Originally, when House and Senate versions of the bill passed from their separate chambers, both contained identical language regarding earmark reform. During negotiations between the House and Senate to work out differences between their bills-- called a “conference report”—a change was made to the Senate disclosure requirements.
“It was such a subtle change with huge ramifications. Just a couple words,” Ellis said. The conference process for this bill was not done in public view. This was largely because earmark-reform champions Republican Sens. Tom Coburn (Okla.) and Jim DeMint (S.C.) refused to participate due to suspicions that their reforms would be gutted.
As a result, differences were worked out and new rules were inserted in a back and forth negotiation process between the House and Senate that staffers call “ping-ponging.” Then the final version was signed by the President on September 14.
A senior Republican staffer said those primarily involved in the negotiations were Democratic Majority Leader Harry Reid (Nev.), House Speaker Rep. Nancy Pelosi (Calif.), Sen. Russ Feingold (D-Wisc.), Sen. Dianne Feinstein (D-Calif.) and other members of the Senate Rules Committee.
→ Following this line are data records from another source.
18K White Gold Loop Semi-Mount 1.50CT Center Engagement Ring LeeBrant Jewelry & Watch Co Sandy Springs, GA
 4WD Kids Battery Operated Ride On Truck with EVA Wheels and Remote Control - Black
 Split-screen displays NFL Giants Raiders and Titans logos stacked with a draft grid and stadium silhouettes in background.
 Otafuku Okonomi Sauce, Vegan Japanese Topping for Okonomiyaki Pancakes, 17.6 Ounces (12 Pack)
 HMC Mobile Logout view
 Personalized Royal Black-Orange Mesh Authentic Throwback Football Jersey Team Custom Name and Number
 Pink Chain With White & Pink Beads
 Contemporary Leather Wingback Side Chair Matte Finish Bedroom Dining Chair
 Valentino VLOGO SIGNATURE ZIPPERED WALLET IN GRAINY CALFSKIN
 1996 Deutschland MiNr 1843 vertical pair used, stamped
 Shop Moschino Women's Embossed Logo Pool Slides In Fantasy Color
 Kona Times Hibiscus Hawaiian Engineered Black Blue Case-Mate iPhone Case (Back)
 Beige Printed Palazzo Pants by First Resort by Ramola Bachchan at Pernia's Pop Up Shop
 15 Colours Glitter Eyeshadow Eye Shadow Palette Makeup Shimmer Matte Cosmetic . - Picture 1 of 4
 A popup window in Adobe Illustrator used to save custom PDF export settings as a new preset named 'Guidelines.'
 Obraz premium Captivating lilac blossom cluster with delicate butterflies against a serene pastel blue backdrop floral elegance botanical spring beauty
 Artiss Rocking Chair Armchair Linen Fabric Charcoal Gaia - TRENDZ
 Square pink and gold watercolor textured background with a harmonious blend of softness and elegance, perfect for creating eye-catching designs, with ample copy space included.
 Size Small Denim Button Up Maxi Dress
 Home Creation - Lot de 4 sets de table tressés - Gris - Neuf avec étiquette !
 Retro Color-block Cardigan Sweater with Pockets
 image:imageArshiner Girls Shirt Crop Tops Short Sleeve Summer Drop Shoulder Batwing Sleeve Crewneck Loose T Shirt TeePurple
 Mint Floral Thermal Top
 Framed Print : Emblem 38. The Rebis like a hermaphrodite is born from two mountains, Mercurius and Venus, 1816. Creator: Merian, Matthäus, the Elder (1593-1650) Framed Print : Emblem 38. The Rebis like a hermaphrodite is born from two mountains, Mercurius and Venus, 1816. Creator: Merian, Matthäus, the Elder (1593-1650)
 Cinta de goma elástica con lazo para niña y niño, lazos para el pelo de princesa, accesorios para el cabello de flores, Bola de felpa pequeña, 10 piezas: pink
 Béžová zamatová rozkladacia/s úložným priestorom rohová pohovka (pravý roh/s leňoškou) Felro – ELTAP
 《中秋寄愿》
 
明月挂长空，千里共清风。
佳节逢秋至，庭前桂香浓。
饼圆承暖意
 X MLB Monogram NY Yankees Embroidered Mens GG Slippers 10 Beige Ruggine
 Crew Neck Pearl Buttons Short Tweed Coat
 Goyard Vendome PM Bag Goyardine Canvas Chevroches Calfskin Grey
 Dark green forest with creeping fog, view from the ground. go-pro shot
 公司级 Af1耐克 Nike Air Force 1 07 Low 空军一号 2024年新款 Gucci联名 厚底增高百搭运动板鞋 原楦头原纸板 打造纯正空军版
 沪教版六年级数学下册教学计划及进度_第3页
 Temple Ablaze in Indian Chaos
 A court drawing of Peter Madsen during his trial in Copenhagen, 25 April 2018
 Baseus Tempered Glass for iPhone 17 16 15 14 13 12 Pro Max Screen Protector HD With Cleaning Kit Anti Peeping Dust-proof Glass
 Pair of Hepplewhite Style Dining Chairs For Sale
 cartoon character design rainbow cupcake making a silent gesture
DeMint’s press secretary Wesley Denton laid the blame on both parties for letting this change slip by. “Democrats and Republicans alike want to give the appearance of earmark reform, but they don’t want to live by it.”
Senators have even been resistant to submitting the “no pecuniary interest” letters. On October 1, Chairman of the Armed Services Committee Sen. Carl Levin (D-Mich.) and Sen. John McCain (R-Ariz.) issued a joint letter to remind their colleagues there were “certifications” missing for earmark requests made in the defense authorization bill. The original deadline to turn the “no pecuniary interest” statements was September 14. It was extended to October 5.
Coburn’s spokesmen Jon Hart noted the change would also give House members a way to hide their earmarks. It “essentially creates a secret chamber for earmarking,” Hart said. “All the questionable earmarks now can easily be shuttled from the House to the Senate” to escape disclosure requirements.
“You might as well call it the Abramoff Corridor,” Hart joked.